Unequalled Replication Capabilities
— With the EMC Data Domain Replicator software option, the Global Deduplication Array can automate wide area network (WAN) vaulting for use in disaster recovery (DR), remote office backup, or multi-site tape consolidation.
— A single Global Deduplication Array can support a replication fan-in of up to 270 remote offices using smaller deduplication storage systems such as the Data Domain DD140 or the DD600 series appliances.
— Cross-site deduplication further minimizes the required bandwidth since only the first instance of data is transferred across any of the WAN segments between sites.
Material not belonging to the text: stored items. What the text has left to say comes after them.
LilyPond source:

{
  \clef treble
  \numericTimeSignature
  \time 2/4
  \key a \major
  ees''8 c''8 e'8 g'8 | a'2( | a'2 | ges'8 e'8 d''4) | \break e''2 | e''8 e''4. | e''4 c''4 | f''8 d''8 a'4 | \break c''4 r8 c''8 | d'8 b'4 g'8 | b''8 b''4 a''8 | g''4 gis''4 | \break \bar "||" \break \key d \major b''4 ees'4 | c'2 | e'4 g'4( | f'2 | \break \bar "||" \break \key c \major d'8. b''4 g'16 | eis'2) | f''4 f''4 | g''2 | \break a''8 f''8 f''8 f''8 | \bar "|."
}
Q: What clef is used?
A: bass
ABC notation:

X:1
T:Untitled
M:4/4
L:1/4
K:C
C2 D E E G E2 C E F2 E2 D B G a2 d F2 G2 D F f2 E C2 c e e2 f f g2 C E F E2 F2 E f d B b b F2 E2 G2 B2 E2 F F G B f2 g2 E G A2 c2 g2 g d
Additionally, for fast offsite protection and consolidation of tape out operations, the Global Deduplication Array provides up to 54 TB/hour of replication throughput.
Like all Data Domain systems, the new Global Deduplication Array is
simple to install and flexible enough to be implemented into existing
user environments without disruption. Backed by available EMC 24x7x365
enterprise class service, it seamlessly integrates into Symantec
NetBackup and Backup Exec backup environments using the EMC Data Domain
OpenStorage software option.
Why Architecture Matters
The Global Deduplication Array is based on the same CPU-centric
approach to inline data deduplication as all EMC Data Domain systems.
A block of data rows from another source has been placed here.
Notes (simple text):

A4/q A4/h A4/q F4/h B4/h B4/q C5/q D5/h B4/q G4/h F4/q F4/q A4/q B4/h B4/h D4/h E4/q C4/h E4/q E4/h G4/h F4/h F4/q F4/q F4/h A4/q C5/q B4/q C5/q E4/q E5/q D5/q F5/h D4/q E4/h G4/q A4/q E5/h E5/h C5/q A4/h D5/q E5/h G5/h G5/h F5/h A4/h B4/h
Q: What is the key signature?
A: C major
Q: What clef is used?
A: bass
Unlike most deduplication approaches that are added as afterthoughts to
existing disk arrays, Virtual Tape Libraries (VTLs) or backup software,
combined efficiencies of Data Domain include:
— SISL scaling architecture leverages CPU improvements to increase deduplication speed inline while minimizing reliance on disk accesses for performance. Data Domain systems have delivered consistent improvement in throughput performance by nearly 90 times and in capacity by more than 225 times over the last 6 years. Based on Intel’s CPU
roadmap, increased throughput is expected to continue growing significantly in the future.
— High performance inline deduplication for simplicity, to minimize system resources, administration, and internal system process contention.
— Green storage efficiency for a smaller system footprint and lower power consumption.
— Data Domain Data Invulnerability Architecture defends against data integrity issues by providing continuous verification during storage and recovery of data.